It is my understanding that by the time we get to Web 4.0 everything we do will be up in the cloud. All our writing, our spreadsheets, our photos, our videos, all up in the cloud, wherever that is. I guess it will be like heaven. Nobody knows where that is, either, even those who believe in it.
You may be more evolved that an I am on this subject, but that idea makes me a little bit nervous. Perhaps it's all the DID YOU BACKUP YOUR COMPUTER TODAY warnings I've received during the course of my digital life. Maybe it's just my innate mistrust of things I can't actually put my hands on and see. Me, I like to have it all on these neat little hard drives they make now, with a terabyte of storage for a couple hundred bucks. Give me a brick over a cloud any day. I know I'm in the minority, though. It's all headed for the cloud and ain't nothin' we can do about it.
So this morning I got the office and there was no cloud. In fact, there was no internet. No web. No e-mail. No shared documents. No access to you guys. Nothing. Just what we used to call a dead terminal. We used to like our dead terminals. We wrote on them, played games on them, ran numbers on them. Now you might as well try to work with a loaf of bread. A computer not connected to the great giant brain stem is nothing more than a doorstop.
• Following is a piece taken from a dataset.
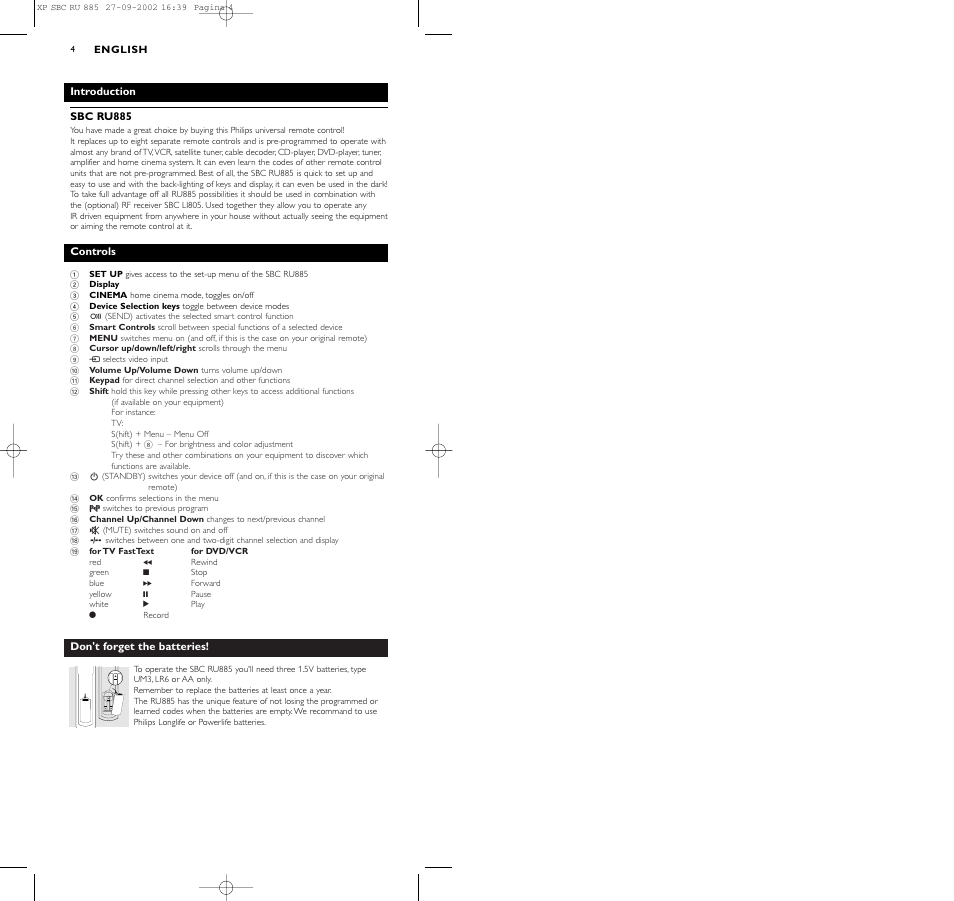 Philips Universal-Fernbedienung User Manual | Page 4 / 146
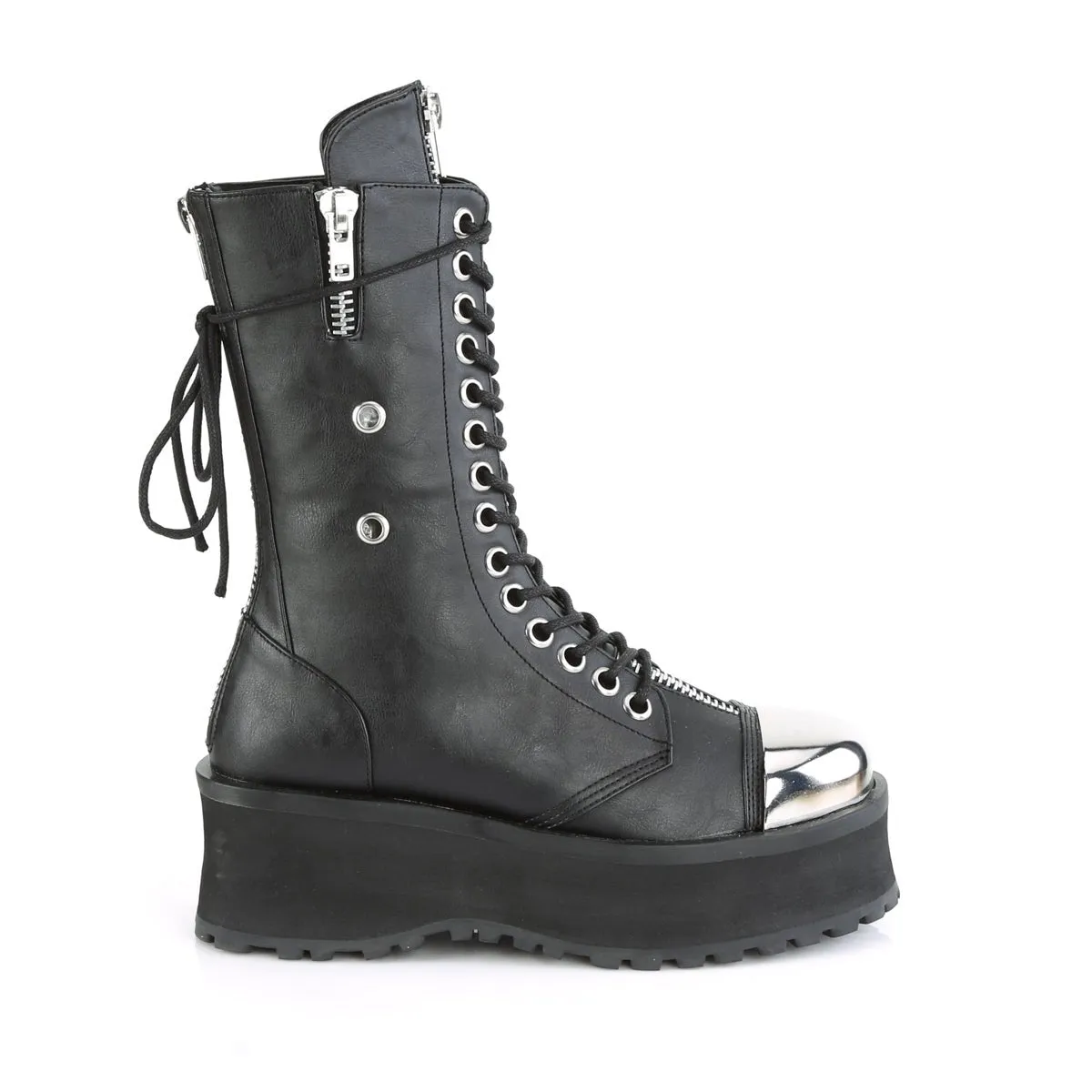 Demonia GRAVEDIGGER-14 | Black Vegan Leather Unisex Boots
I called IT. They were going crazy. I called HR, because that's what you do around here when something malfunctions. Ambrose, the head of the department, was beside himself. Seems that a PowerPoint presentation he had to make to senior management was up in the cloud, too, safe and sound, naturally, but he couldn't get to it. "We're going to have to go to Plan B," he said with a foreboding so dire I didn't dare ask him what Plan B was.
We all had coffee. Walked around a little. An hour or so passed, and then suddenly the cloud was back. Connectivity was restored. We were all functioning business people again. I called Ambrose, who was very relieved. I heard clicking in the background and the sound of a printer churning out hard copy behind him. "What was it?" I asked him.
"Mouse ate through a cable in midtown," he said.
"A mouse?" I said.
"Apparently," he said. "Incredible, huh?"
Yep. Incredible. One mouse brought down the entire communications function of a gigantic corporation. Not a hacker. Not the end of the world, brought to you by the Mayans and Roland Emmerich. Just one... small... rodent.
You know what they say, I'm sure. The best laid plans of women and men often go a-mouse. Well, maybe they didn't say it exactly like that. But I'm sticking to my brick for the foreseeable future. I figure it would take one hell of a mouse to put that out of commission.